I extracted the safety filters from Apple Intelligence models
What these filters are and where they sit
- Extracted configs are regex‑style block/replace lists used around Apple’s “Apple Intelligence” models.
- Commenters say they’re an extra, cheap first layer before a heavier “safety model”/classifier runs, on both input and output.
- Different files map to specific features: proactive notification summaries, Writing Tools, camera “visual intelligence,” messages/mail replies, code intelligence, etc.
- Some lists are “retain”/substitution lists (replacing a term with “test complete”), others are hard denies that disable the feature (“Writing tools unavailable”).
Test phrases and QA scaffolding
- Odd phrases like “granular mango serpent” and “xylophone copious opportunity defined elephant” (XCODE acronym) appear widely.
- Consensus: these are artificial, low‑collision QA tokens used to test that filters are loaded and working, analogous to antivirus test strings.
- Confirmed behavior: using the phrase in Apple Intelligence triggers blocked‑content errors, supporting the “QA hook” theory.
Regex safety: utility and limitations
- Some see regex filters as “silly” and trivially bypassed (e.g., leetspeak, euphemisms), others defend them as fast, effective for 99% of ordinary users, and good CYA.
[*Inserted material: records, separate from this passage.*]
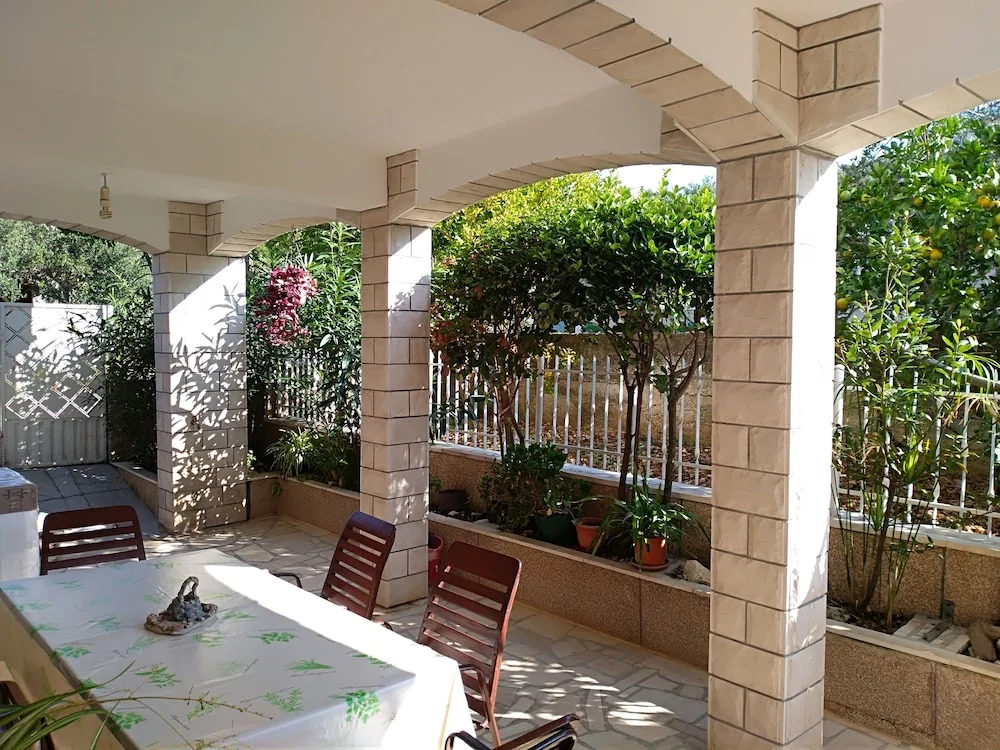 New And Completely Renovated Apartment 5-1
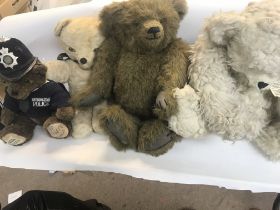 A Collection of Vintage Teddy Bears. No Reserve.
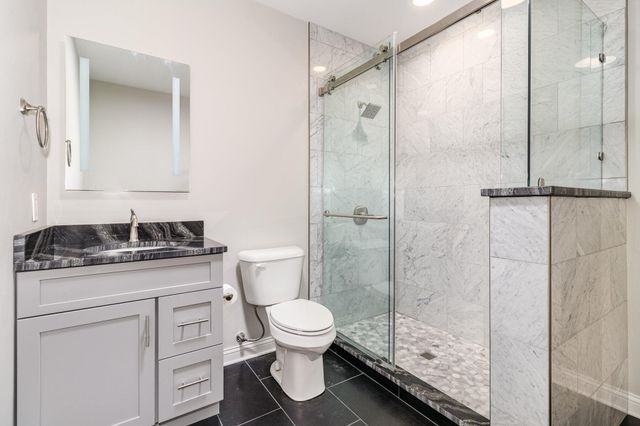 1 Villagrande Boulevard, Fort Thomas, KY 41075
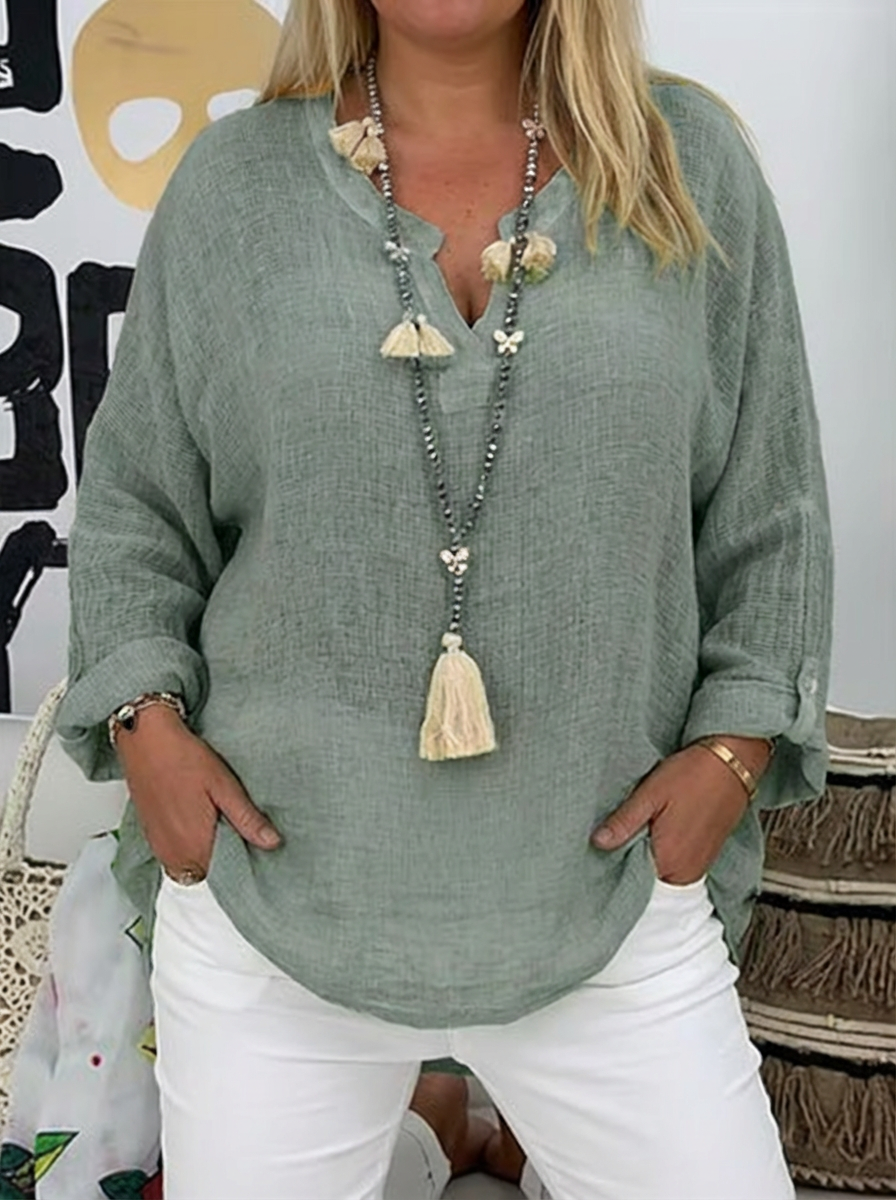 Criza | Lightweight Oversized Blouse - Plus size model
- Classic problems identified: false positives like Scunthorpe‑style matches, blocking benign phrases (“pass on,” “take it off me”), and missing coded language (“unalive”).
- Several argue that LLMs easily normalize typos and substitutions, so naive regexes neither robustly block nor meaningfully degrade harmful use.
Politics, brands, and topic avoidance
- Lists explicitly block many current politicians’ names, some political topics (e.g., Palestine in certain contexts), competitor AI brand names (ChatGPT, Gemini, others), and some welfare/poverty terms in French.
- Interpretations range from neutral “avoid generating abusive or defamatory replies about named individuals” to concern about opaque political and socioeconomic framing.
- Apple product names and capitalization are enforced (iPhone, etc.), seen by some as trivial trademark defense, by others as branding overreach into user expression.
Regional and “safety vs censorship” debate
- CN‑specific configs emphasize sexual deviance, religion, and some political/religious terms; other locales vary by language and local politics.
- Large subthread debates whether this is ordinary corporate risk management and legal compliance, or a step toward corporate/state speech control akin to national firewalls.
- Some point to open‑weights/offline models as an escape valve; others note most users will be stuck with whatever guardrails platform vendors impose.